Mais qu'avait-il de particulier mon père me direz-vous ? et bien quand je l'ai enfin rencontré c'est à dire pendant mes études de médecine (c'est dire que je l'ai rencontré tard) j'ai été frappé par sa gentillesse vis à vis de tout le monde,sa tolérance,son sens de l'entraide ,sa modestie et sa fierté vis à vis de ses enfants:avoir un fils médecin !!! lui qui n'avait pas son certificat d'études,lui qui avait fait mille métiers pour devenir café-coiffeur puis coiffeur ensuite dans un tout petit village de Picardie,traînant la misère pendant très longtemps mais toujours fier.J'ai enfin réalisé les sacrifices qu'il avait fait pour que je touche au but que je m'étais fixé.
Je me souviens que le café-coiffeur,après avoir mis les derniers piliers de bar dehors,vers minuit,prenait son fils qui dormait sur un banc dans ses bras et le ramenait à la maison pour le coucher sans le réveiller(j'avais 9 ans)C'est à peu près le seul souvenir d'enfance un peu tendre que j'ai de lui.
Je me souviens que dans le village on l'appellait Mac Gyver,car il réparait tout et avait une idée sur tous les bricolages difficiles.Je revois les gens passer dans le salon de coiffure et crier à mon père :"René ,comment pourrais-je faire pour bricoler cela ?" il répondait invariablement : "je réfléchis,repasses dans 1/4 d'heure" et il avait toujours la solution.
Je me souviens l'avoir entendu dire ,alors qu'il avait un petit verger qui dominait la vallée de l'Aisne,que régulièrement il s'arrêtait de tondre,il s'allongeait au pied d'un immense poirrier,regardait le magnifique paysage qui s'étalait devant lui et qu'il adorait et s'endormait.
Je sais que son potager,très fertile et très abondant servait aussi à alimenter les petits vieux et petites vieilles du village,bénévolement bien sûr.Je lui disait : " où vas-tu avec ces salades et ces tomates" et il répondait invariablement:" je vais les donner à la mère X... ,elle ne peut plus marcher"

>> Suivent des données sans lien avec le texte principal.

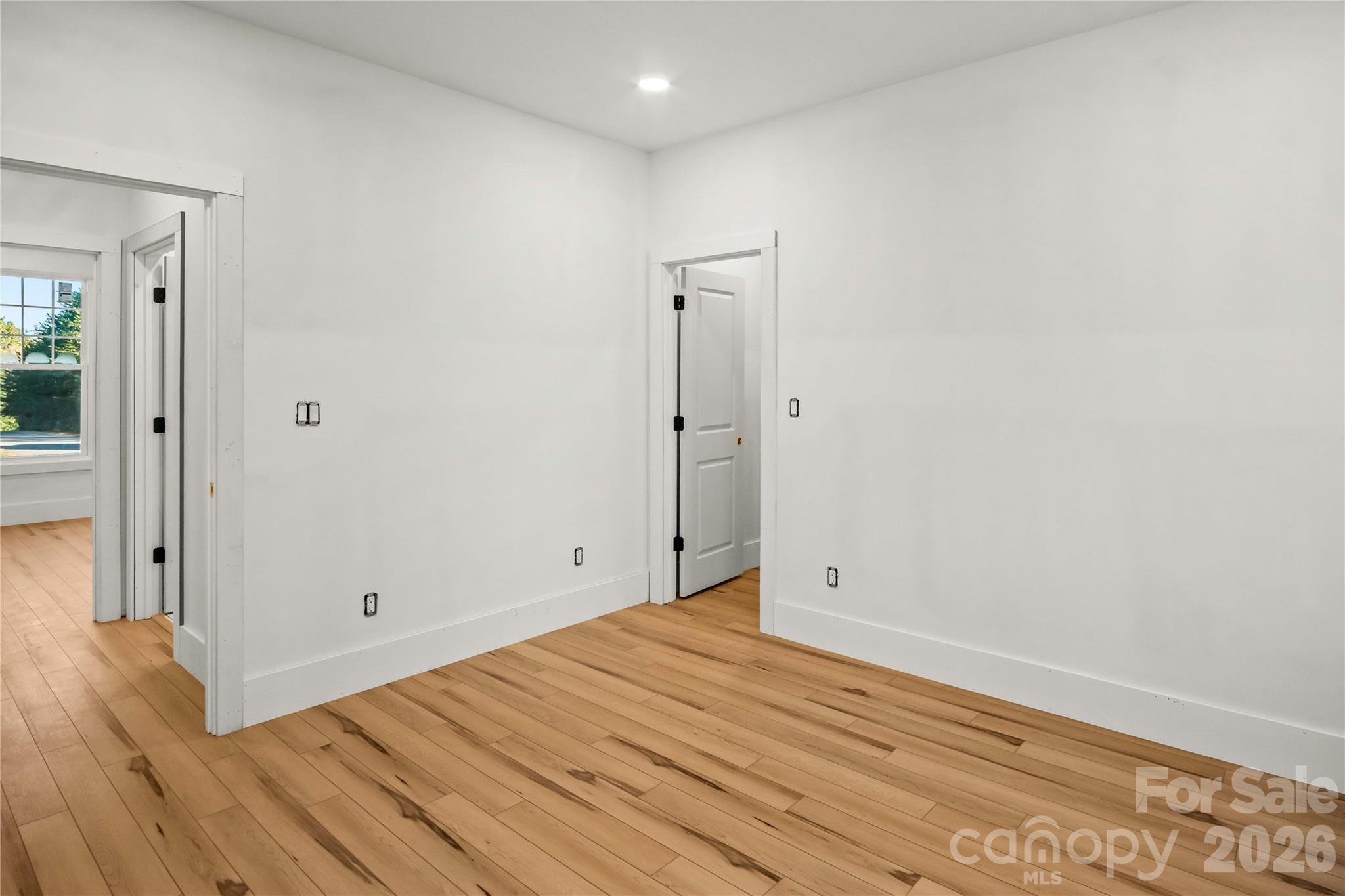 Single Family Residence at 436 Dublin Lane, Columbus, photo 51 of 72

Je me souviens qu'il adorait ses petits enfants et qu'avoir autour de lui toute sa famille radieuse était pour lui un pur bonheur.
Tous les jeudis il venait me rendre visite avec ma mère,dans une vieille R4:80km aller et 80 km retour et cela me faisait peur mais il adorait venir passer la journée avec moi,moi qui était "off" après m'être associé,et on bricolait,on jardinait et il sifflotait du matin au soir (ma voisine savait toujours s'il était là car elle reconnaissait son sifflet,sifflet que j'ai ensuite repris,tous les jours mais qui s'est cassé le 5/9/2009 en tombant de moto) On était très heureux ensemble et je ne me souviens pas,à partir du moment où on s'est "rencontré" que l'on se soit jamais disputé.On travaillait ensemble,on se reposait,on buvait un peu d'eau et on se souriait;c'était peut-être notre façon à nous de nous dire que l'on s'aimait;des rustres élevés à la campagne,des "fort comme un turc" au coeur sensible,très sensible et qui ne "disent" pas.
J'aurai mille souvenirs à raconter de lui ,en particulier sa bonté pour les autres mais aussi l'amitié que les autres lui portaient,cela me permettrait de retarder la fin tragique que voici:
Et puis un jour,à 77 ans,en juin 1997 alors qu'il était dans une forme éblouissante,il a fait un infarctus chez lui ,très tôt,il est allé cherché le pain que j'aimais et qu'il m'amenait chaque semaine, il a pris la route et parcouru ces fameux 80 km dans sa vieille R4 pour venir mourrir chez moi.Chaque fois que j'y pense,comme lors de cet article,j'ai les larmes qui me viennent.
J'étais bien avec lui et je crois que le pire
C'est de l'avoir aimé sans avoir su lui dire.